To understand what users want, we use a tried and tested two stage process:
- Stage 1: Qualitative discovery research
- Stage 2: Quantitative top tasks survey
Qualitative discovery research
Qualitative discovery research focuses on understanding users: their background, expectations, behaviours, needs, motivations and frustrations. It provides insight to understand how users go about finding information and achieving goals that are important to them.
User research also helps to challenge internal assumptions about what users want, forcing organisations to walk in the users’ shoes and look at things from a user perspective, rather than an internal perspective.
Discovery research allows you to:
- Check that the way products and services are described ‘fit’ with the users’ mental models and identify any improvements that would help improve the user experience
- Design external and marketing communications to align with the users’ perspective and language
- Develop the website and other customer touchpoints to enable users to look for product in the way best suited to them, thereby improving the overall user experience and perception of your brand
- Build consensus across the organisation about what users need and what makes for a good user experience: this will help develop a shared view of the user and to align business goals
To conduct discovery research, you first need to recruit your participants. These should be genuine users of your product or service, either current or potential. Ensure you are finding representatives from all of your user groups and don’t forget to consider users who have specialist requirements.

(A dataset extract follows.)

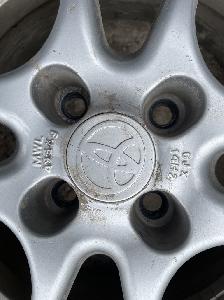 Alu kola i s pneu na Toyota Yaris 175/66 R14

These sessions are best conducted one-to-one with your recruited target users, facilitated by a moderator. Time should be spent upfront finding out as much as possible about your users and their needs. Ask lots of open questions, don’t interrupt and continually ask ‘why’ to get an even deeper level of insight.

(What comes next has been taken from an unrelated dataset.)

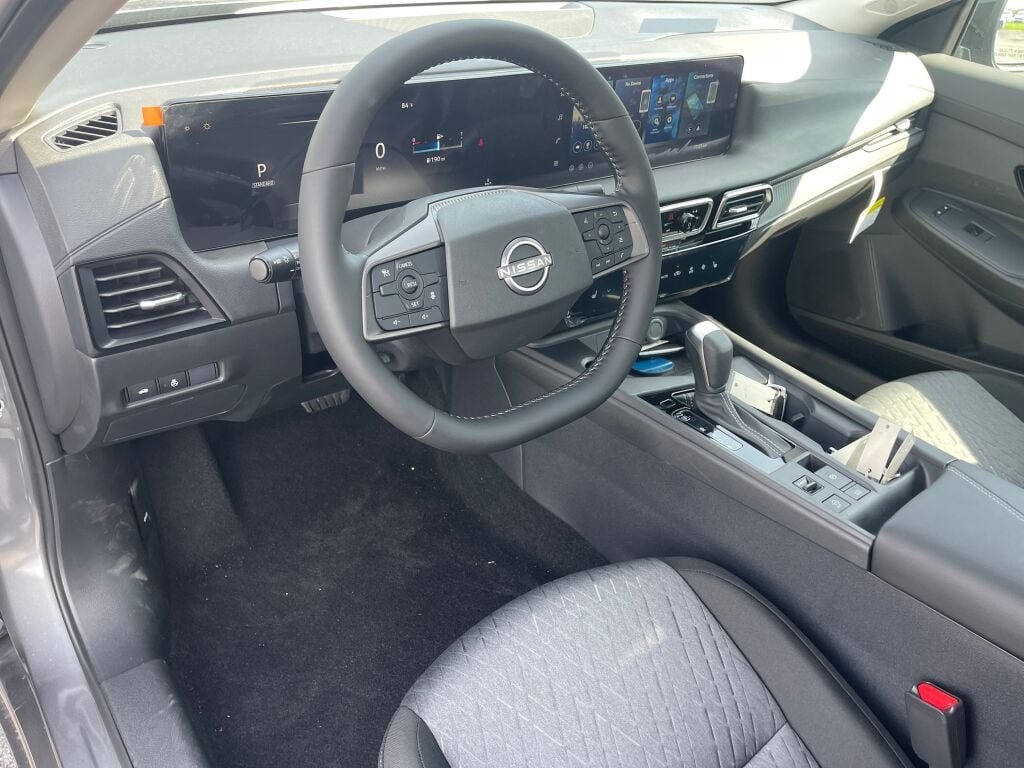 New 2027 Gun Metallic Nissan SV image 6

If necessary, show them sources of information to stimulate their thinking. This could be your website, competitor websites, marketing messaging, offline resources. Anything really!
This will give you a huge dump of information including a long list of user goals. But how do you know which are the most important?
Quantitative top task survey research
Qualitative research will tend to be done with a small sample size of between 10-30 users. This is not enough to give you a significant steer on which goals are the most important.
Instead you need to speak to several hundred users. And in order to do that, you need a survey.
To get people to engage with your survey it needs to be short, simple and structured with yes/no or tick box responses. We, therefore, need to know both the issues to which we want answers and the range of potential answers. These insights will come from the qualitative research and why this survey comes second in the process.
A survey structured in this way will also give you meaningful data that can be effectively analysed to quantify and prioritise user goals, behaviours and preferences. In contrast, a survey comprised of free-text boxes will produce an unmanageable amount of data from which it will be difficult to extract meaningful insight.
The outcomes of the survey can then be fed into a wide variety of business functions:
- Digital – do digital services effectively meet the priority needs of your users?
- Marketing – how well does campaign messaging resonate?
- Sales – are you telling potential customers what they what they want to know or what you want to tell them?
- Product development - what frustrations do current users experience and how could you reduce these?
- Customer service – are you communicating with your customers through their preferred channel?
There is really no aspect of your business that does not benefit from having a deeper understanding of who your users are and what they want. So if you are embarking on some grand new plans for 2021 or want to shift your organisational culture to a 'user-first' approach, its time to get discovering.